Originally Published in Marketing Daily

Michael Jackson

June 26, 2009

By Karl Greenberg

Michael Jackson's legacy -- five massive albums, sales of 750 million records give or take, 13 No.1 singles, two inductions into the Rock 'n' Roll Hall of Fame, 13 Grammy Awards, the second-biggest-selling album of all time, being named the American Music Award's Artist of the Century -- is huge. His music videos helped launch MTV in 1981 and he pitched for Pepsi; later, his lifestyle generated lots of controversy. He left $400 million in debt and a whole lot of ticket sold for his "This Is It" tour.

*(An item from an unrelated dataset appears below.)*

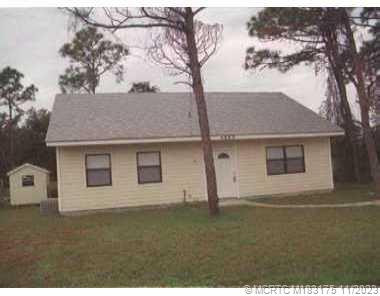 Property photo for 5520 SE Colee Avenue, Stuart, FL 34997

Scandals around abuse allegations, his appearance and bizarre behavior dimmed his star. His 2001 album, "Invincible," sold poorly and cost a lot to produce. When The Hard Rock Casino auctioned off 1,100 lots of Jackson memorabilia in 2007, sales were reportedly slow.

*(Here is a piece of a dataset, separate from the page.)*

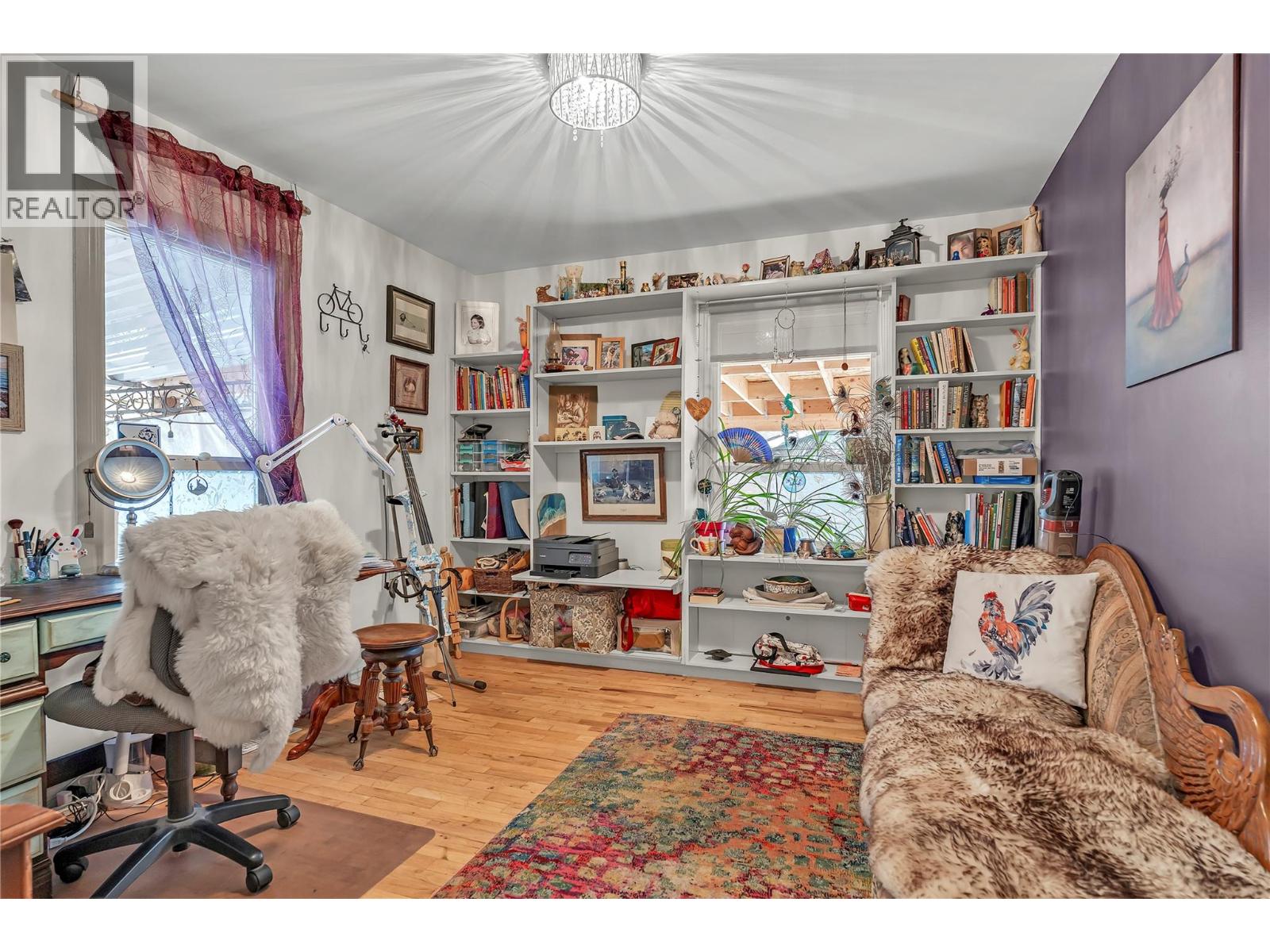  10919 Acland Street, Summerland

But as is the case with legends from Jesus to Jim Morrison, passing on also means apotheosis. Market analysts say his estate -- and whoever winds up controlling it -- will see massive sales of licensed merchandise, music and memorabilia.

So, who handles Michael Jackson products and merchandise? There is MJ Licensing LLC, which reportedly has rights in Europe through mid 2012. Jackson reportedly launched Singapore-based MJ Marketing Pte. Ltd in 2002, which signed a deal with Japanese apparel company Wakita Co. to make a Michael Jackson line to sell in Japan. MJ Marketing will, reportedly, have rights to the Michael Jackson name in Asia through 2012, as well.

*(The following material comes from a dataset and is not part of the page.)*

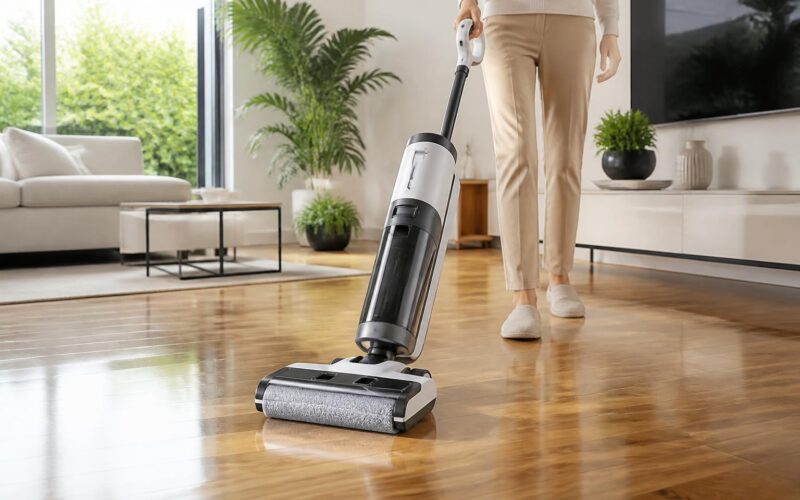 scopri quale lavapavimenti elettrico scegliere e perché è indispensabile per una pulizia efficace e facile della tua casa. consigli e recensioni per un acquisto intelligente.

There is a DVD, "Michael Jackson: Never Surrender," due for release on July 9, the day after Jackson was scheduled to launch his UK concert series. The DVD reportedly features previously unseen film footage, rare and exclusive interviews, contributions from those who have known him best and the finest broadcasters and journalists in the business, plus news reports, location shoots and a host of other features.

Robert Hollander, founder of L.A.-based Brand Sense Marketing, which handles licensing for Britney Spears, tells Marketing Daily Michael Jackson's iconography will efface the particulars of his life. "There are those -- his fans -- who believe he never outgrew his childhood. Elvis died under extreme circumstances, and his last years were not attractive, but that hasn't slowed down the Elvis estate," he says. "There is no question the core of long-term revenue streams will be the music.

"There is Sinatra, the Beatles, Elvis and Michael Jackson," says Hollander. "He is the last one to have completely changed the music scene and popular culture. I don't see anyone else who has done that in his time. There will be a big resurgence because of his death: music, videos, commemorative everything. Commercially, the vultures are circling as we speak, and that will be an interesting sideshow. I went on eBay [Thursday] afternoon and already things were for sale from 'the late great.' It didn't take two hours."

Matt Delzell, group account director at Dallas-based Davie-Brown Entertainment, a division of The Marketing Arm, agrees. "Kurt Cobain, Elvis, John Lennon, Johnny Cash -- many of their estates are making just as much if not more after they passed. And their passing sets aside controversy, and focuses attention on their iconic status. Michael Jackson was the biggest entertainer of our time. You will see record sales -- iTune sales -- skyrocket."

Tributes began immediately: SIRIUS XM Radio commemorated Michael Jackson with special programming across a wide range of its music channels on Friday evening. VH1 began a commemorative broadcast on Saturday.